## What is expected
Every record that follows must be duplicated exactly, with images left out.

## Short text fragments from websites
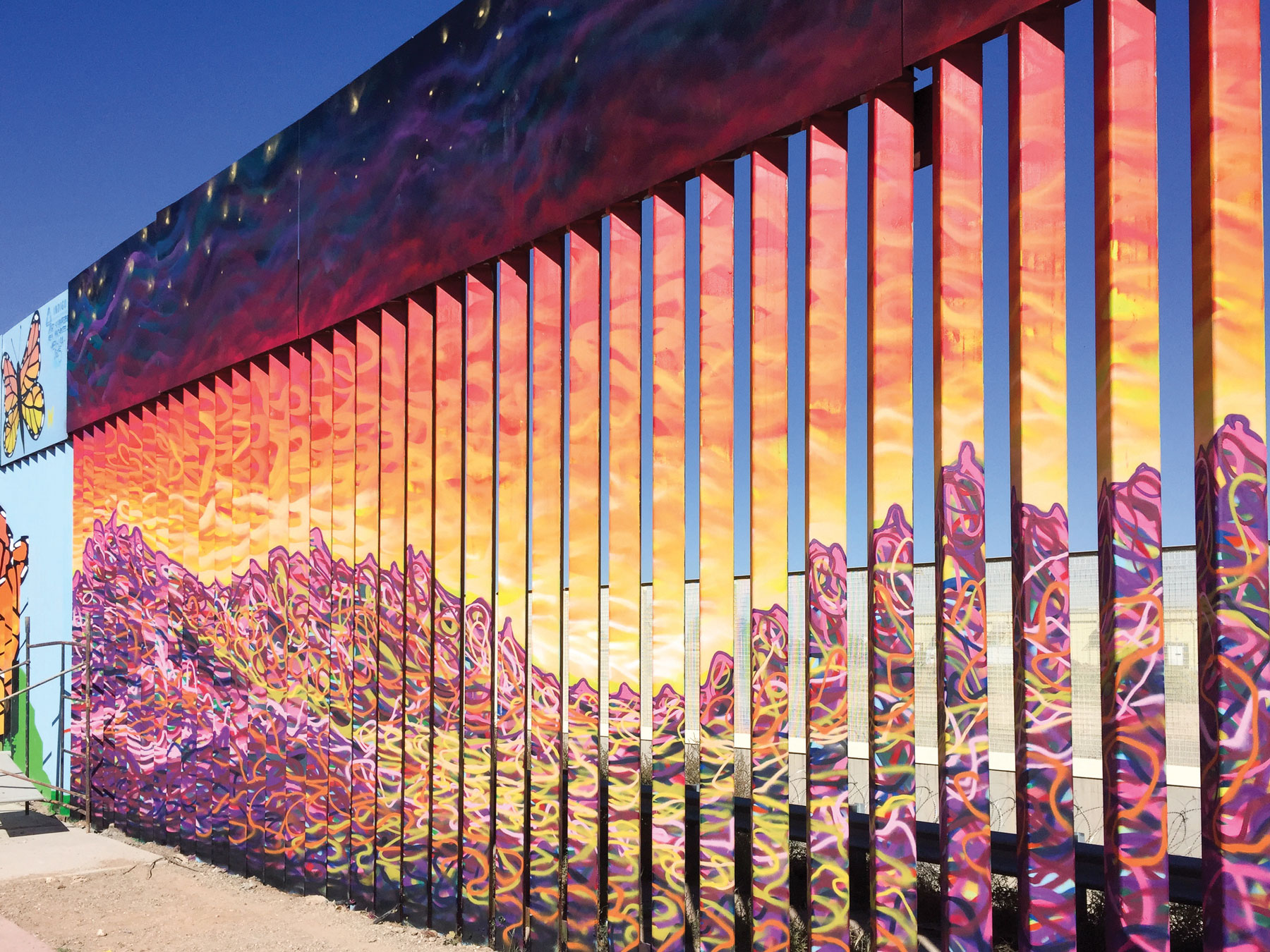 Colorful art painted on the border wall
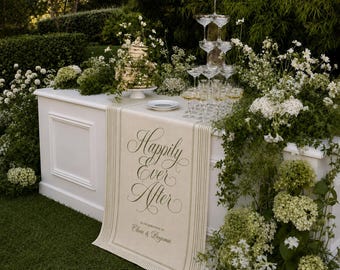 May include: A white table runner featuring the text "Happily Ever After" and "In celebration of Olivia & Benjamin" in elegant dark script, accented by vertical lines, displayed on a white table with a champagne tower and white floral arrangements.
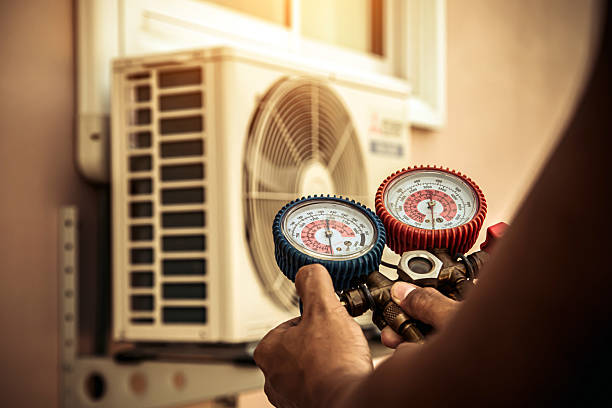 Professional Emergency Hvac technician working in Oxford, IA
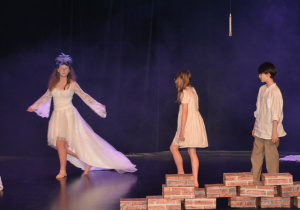 Dziewczynka i chłopiec, obok dziewczyna w białej sukni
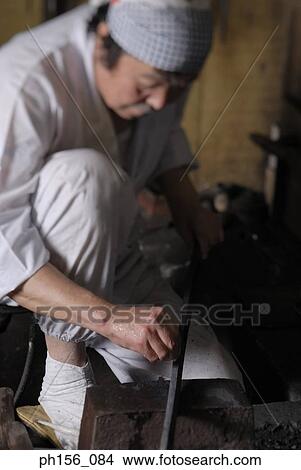 Blacksmith holding a metal rod View Large Photo Image Picture - Blacksmith holding a metal rod. Fotosearch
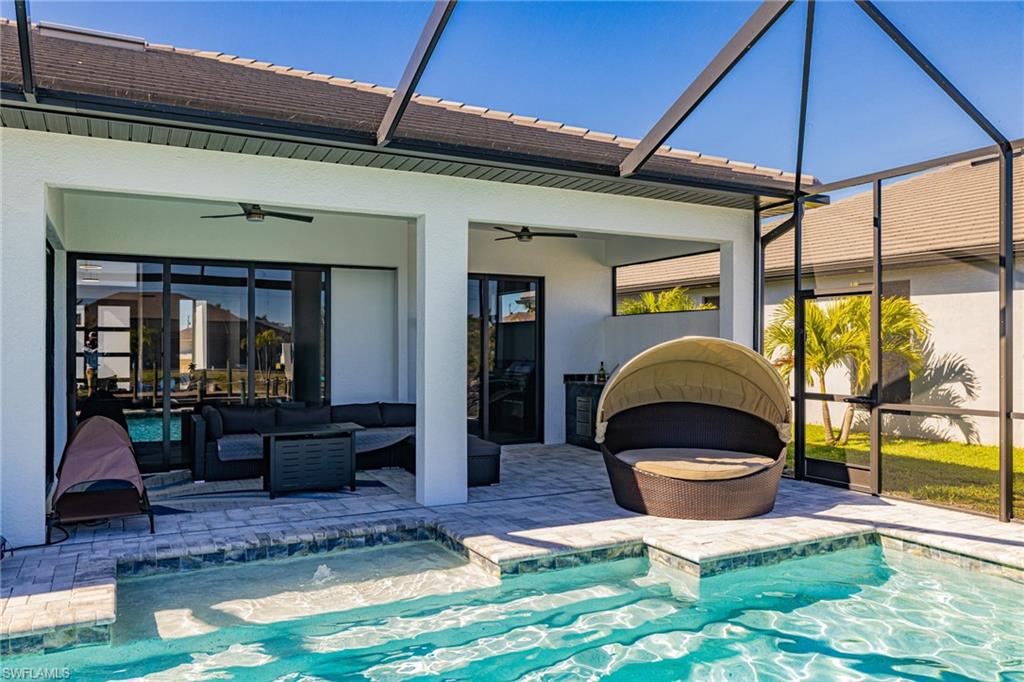 Back of house featuring a lanai, an outdoor pool, and stucco siding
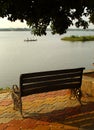 Garden bench on the rural lake shore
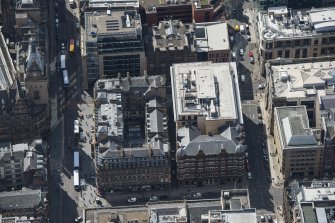 Oblique aerial view of the Scottish Temperance League Office Building and Daily Record Building, looking SSW.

## Task response
 Colorful art painted on the border wall
 May include: A white table runner featuring the text "Happily Ever After" and "In celebration of Olivia & Benjamin" in elegant dark script, accented by vertical lines, displayed on a white table with a champagne tower and white floral arrangements.
 Professional Emergency Hvac technician working in Oxford, IA
 Dziewczynka i chłopiec, obok dziewczyna w białej sukni
 Blacksmith holding a metal rod View Large Photo Image Picture - Blacksmith holding a metal rod. Fotosearch
 Back of house featuring a lanai, an outdoor pool, and stucco siding
 Garden bench on the rural lake shore
 Oblique aerial view of the Scottish Temperance League Office Building and Daily Record Building, looking SSW.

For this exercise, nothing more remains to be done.